In short, the relationships between ecosystems, economies, energy, and technology became unstable. Sitting in the famed gasoline lines waiting to fill up their tanks, Americans of all stripes were forced to think more about where their fuel came from than they had in half a century. Many came up with some tremendously weird, inventive, and productive ideas. Most of the “new” policies and technologies bouncing around America in the first decade of the twenty-first century are milquetoast variants of the radical reexaminations of the country that occurred during the 1970s.

Yet in popular memory this great outpouring of intellectual energy has been caricatured and reduced to cartoon hippies playing with old windmills. However, there was much, much more to the era. Everyone had a plan for fixing the way the country used heat, light, and power. Like the raucous panoply of 1840s reformers responding to industrialization, the American energy system got its own constellation of would-be helpers, as the seeds planted back then bore decidedly strange fruit 130 years later.
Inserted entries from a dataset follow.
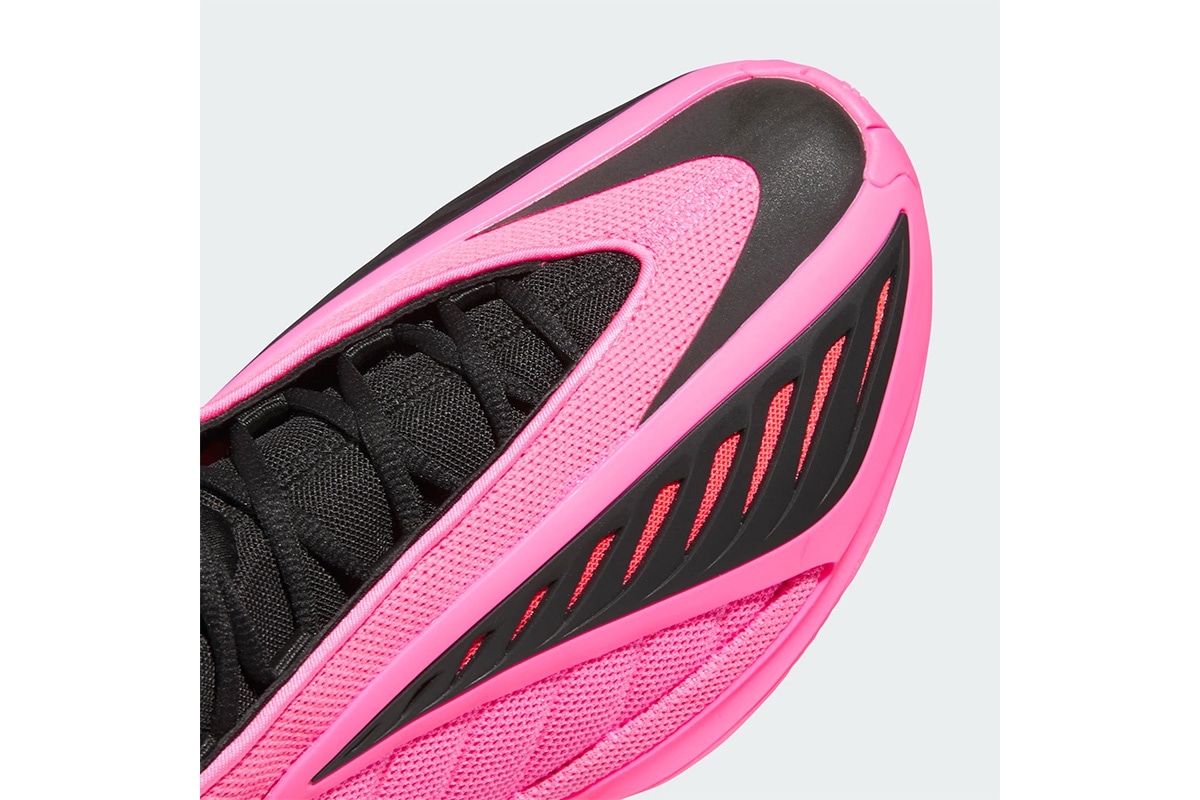 Anthony Edwards 2 ���󥽥ˡ������ɥ�� 2 ���ǥ����� ��KJ2363�� �Х��� ���塼�� �Хå��� �� 2026/1/17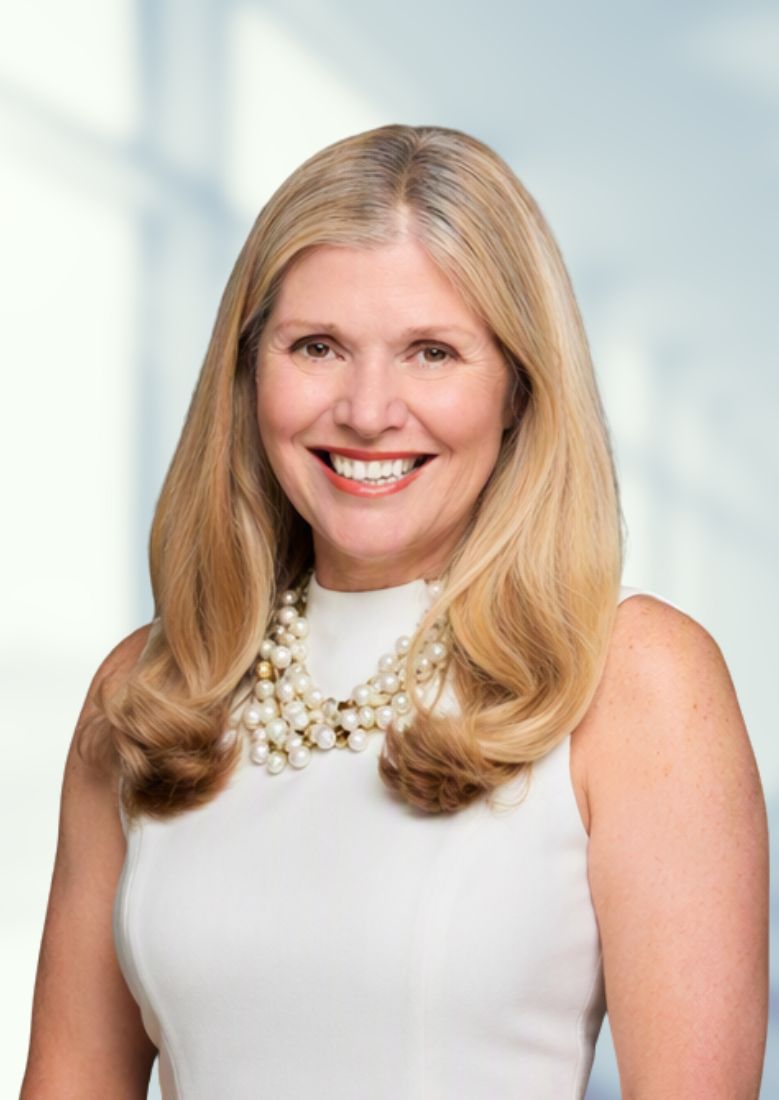 Heather Durkin Gravelle, MBA, CDFA®
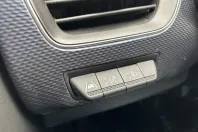 Renault Arkana din 2022 cu 148.900 km - oferta REN161633 - foto 29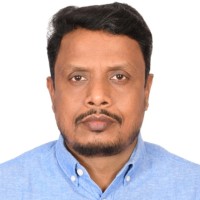 Abdul Halim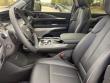 2026 Cadillac Escalade IQ Premium Sport SUV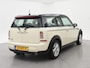 MINI Clubman Mini 1.6 COOPER PEPPER TWO-TONE + XENON | AIRCO | AFN. TREKHAAK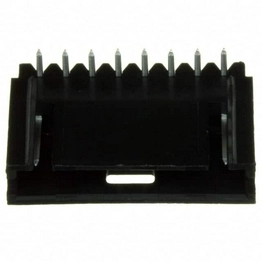 5-102523-6 TE Connectivity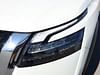 8 thumbnail image of  2023 Nissan Pathfinder SV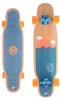 Longboard MINI NAUTICAL Voir les images du produit 1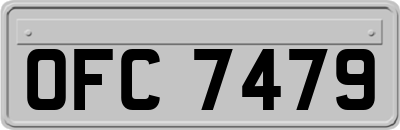 OFC7479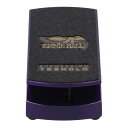 中古 エフェクターERNIE BALL アーニー ボールTREMOLO 6188 0749699161882コンディションランク【A】(商品 No.75-0)(2)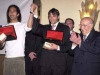 karatasvakfi2003-3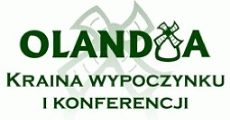 Logo Olandia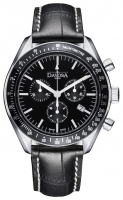 Davosa 16247715 watch, watch Davosa 16247715, Davosa 16247715 price, Davosa 16247715 specs, Davosa 16247715 reviews, Davosa 16247715 specifications, Davosa 16247715
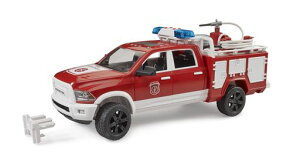 bruderu[_[Ram2500hBR02544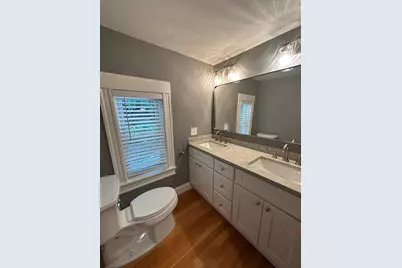 274 Washington St #274, Canton, MA 02021 - Photo 16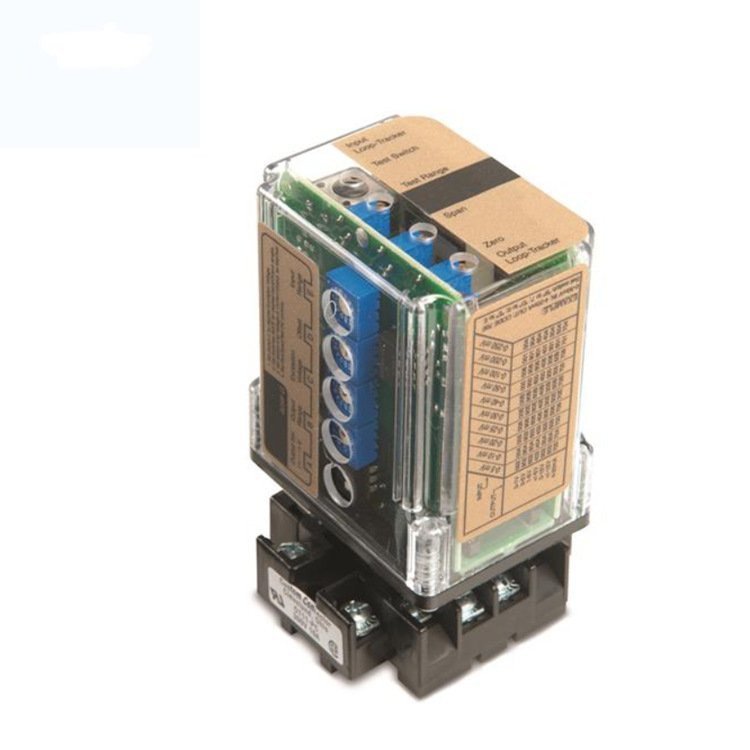 BTSR IFX/C04/P光学传感器 MWM SCHMIERANLAGEN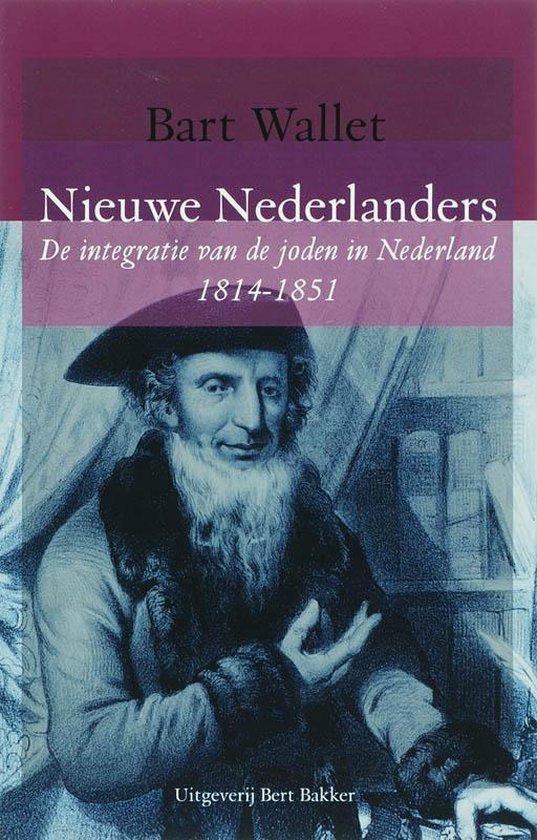 Singer, Henk - Homerische Helden, Oorlogvoering in het vroege Griekenland.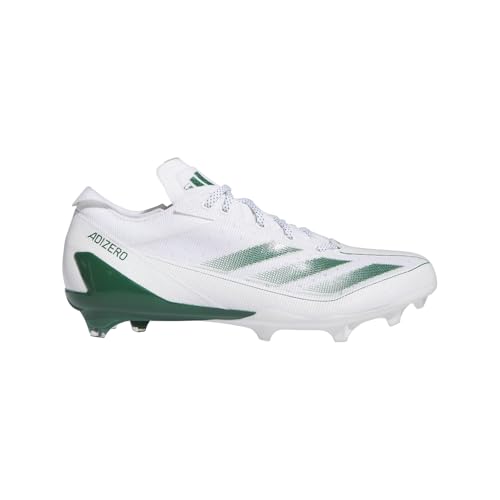 Image of Adidas Mens Adizero Electric.1 American Football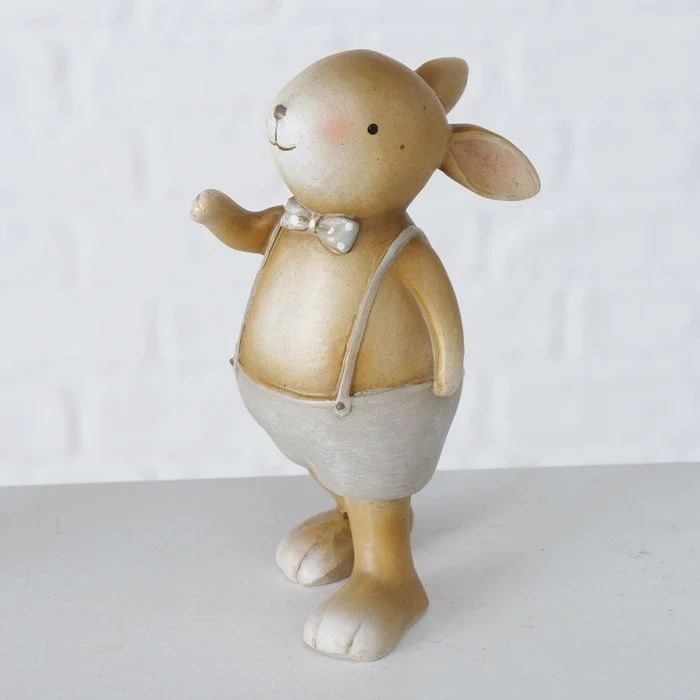 Figur Cute 2er Set. -10%
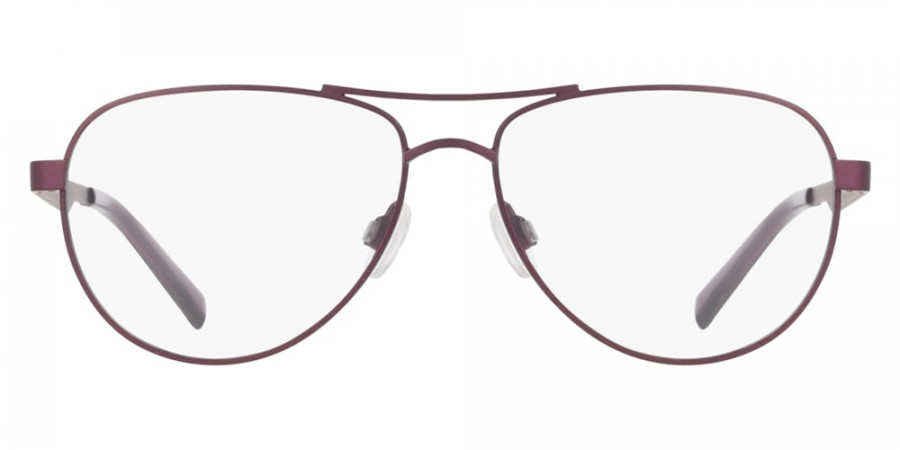 Flexon™ - FLJ4026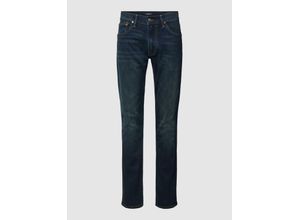 3615737112109 - Slim Fit Jeans im 5-Pocket-Design Modell SULLIVAN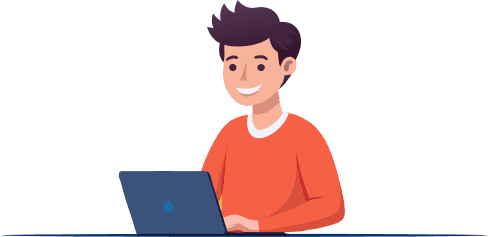 Easy Interface Icon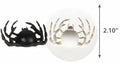 Spider Mold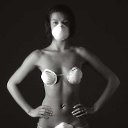 ���� �����, ��� - ��������� 4 ������ 2016 � ������ ������ ��������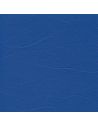 Skai NEPTUN CALERI, tissu expansé marine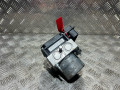 блок ABS Citroen Berlingo 2 поколение (B9) 2012, 1.6 л., бензин, 5МКПП, фургон, 0265232519, 0265800968, 9660107180, 9674196880 - фото №7
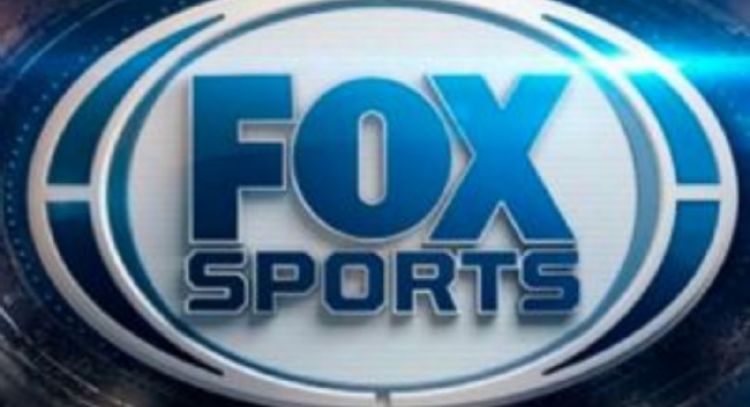 Fox demandó a su exsocio Fox Sports México por uso de nombre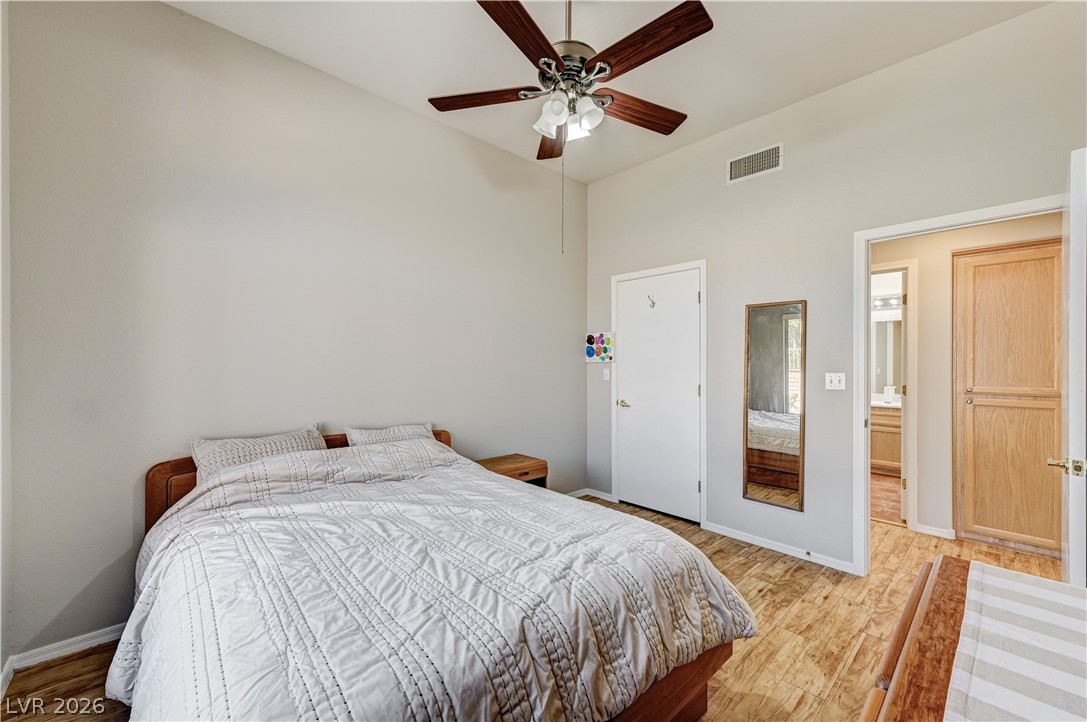 2621 Lotus Hill Drive Las Vegas NV 89134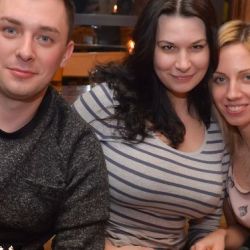 FOT_5872.jpg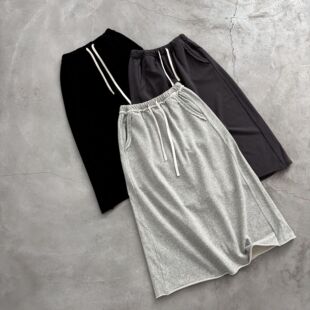 ����ֱ�ӷ��� �n�� ľ��߅�����b��_�����ȹˮϴ��ëȦŮȹ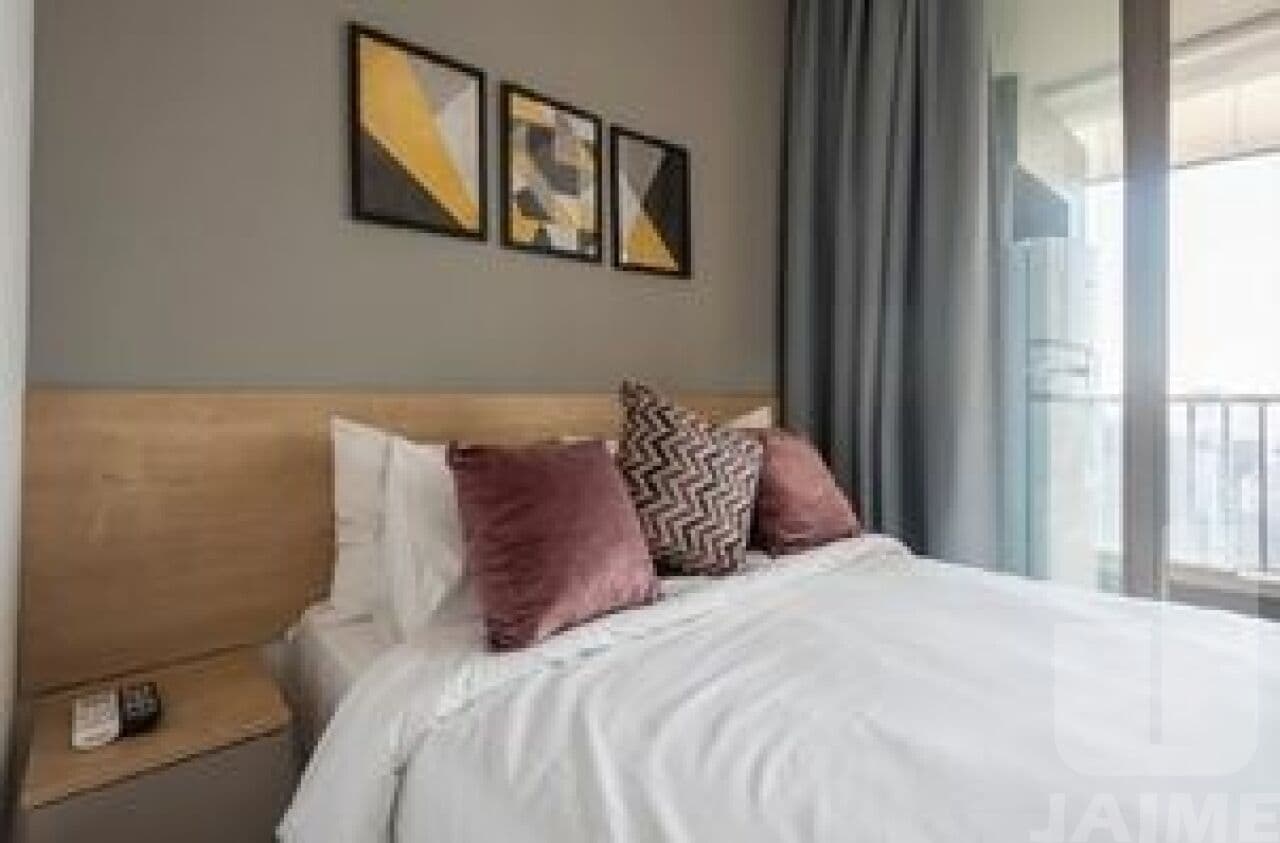 Apartamento de 1 dormitório na R Turiassu — Perdizes, São Paulo - foto 4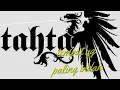 Download Lagu TAHTA - TEMPAT YANG PALING INDAH | LAGU INDONESIA 2000 AN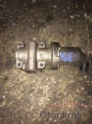 Vectra c 1.9 egr valfi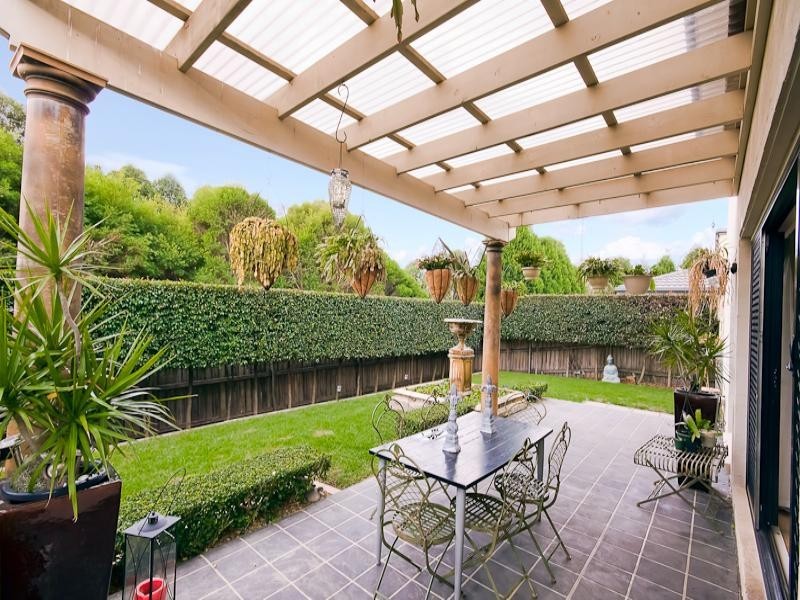 34 Lowan Place, Kellyville NSW 2155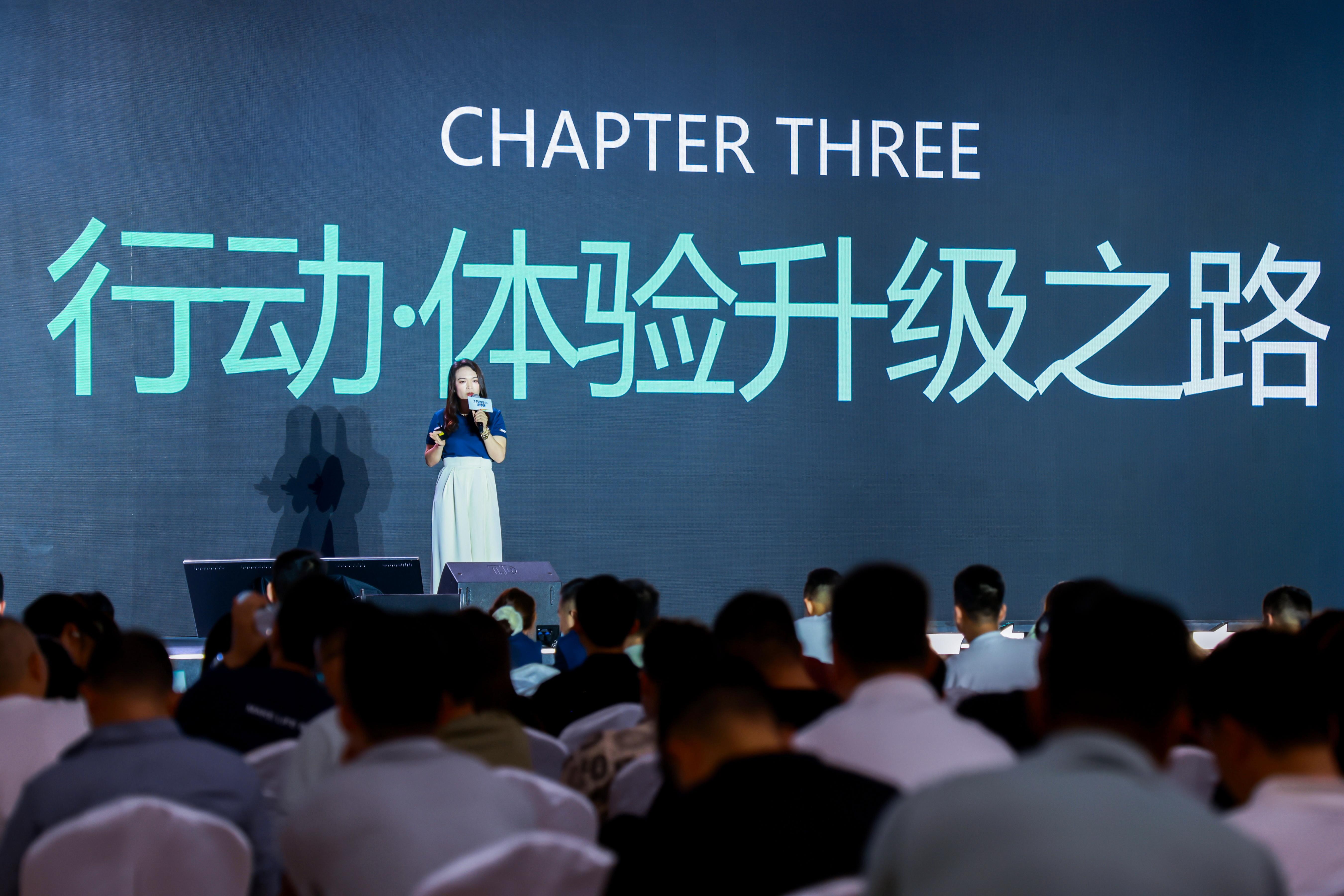 图片8.jpg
Government and university energy specialists issued report after report, many pushing for large-scale projects like nuclear reactors that yielded more radioactive fuel than you put into them (“breeders”) and synthetic fuel plants that converted coal into knock-off crude. Foundations convened large groups to discuss American energy: With a couple of exceptions, their sturdy, dour reports are like the existential opposite of coffee-table books. Formerly obscure researchers held conferences on “Energy Transitions” and argued about odd things like the return of feudalism as an unintended consequence of increased solar energy usage.9 Thermodynamics, a musty old nineteenth-century science, was suddenly on the lips of physicists like Art Rosenfeld, who had formerly been more interested in quarks and gluons.10 Ecologist Howard Odum put out books seriously suggesting apportioning UN votes “in proportion to the energy budget” of a country, including its haul from the sun and fuels.11 Barry Commoner, an eco-socialist, published popular books attacking capitalism as the root of the environmental, energy, and economic crises racking the country. These were widely acclaimed by the mainstream media. The environmental movement figured out how to use bureaucratic levers to delay and block the building of power plants. Rodale Press, an early imprint for information on organic food, began to branch out into alternative energy. Magazines like Not Man Apart, CoEvolution Quarterly, Clear Creek, and Mother Jones came into being and emphasized deep environmental and energy issues.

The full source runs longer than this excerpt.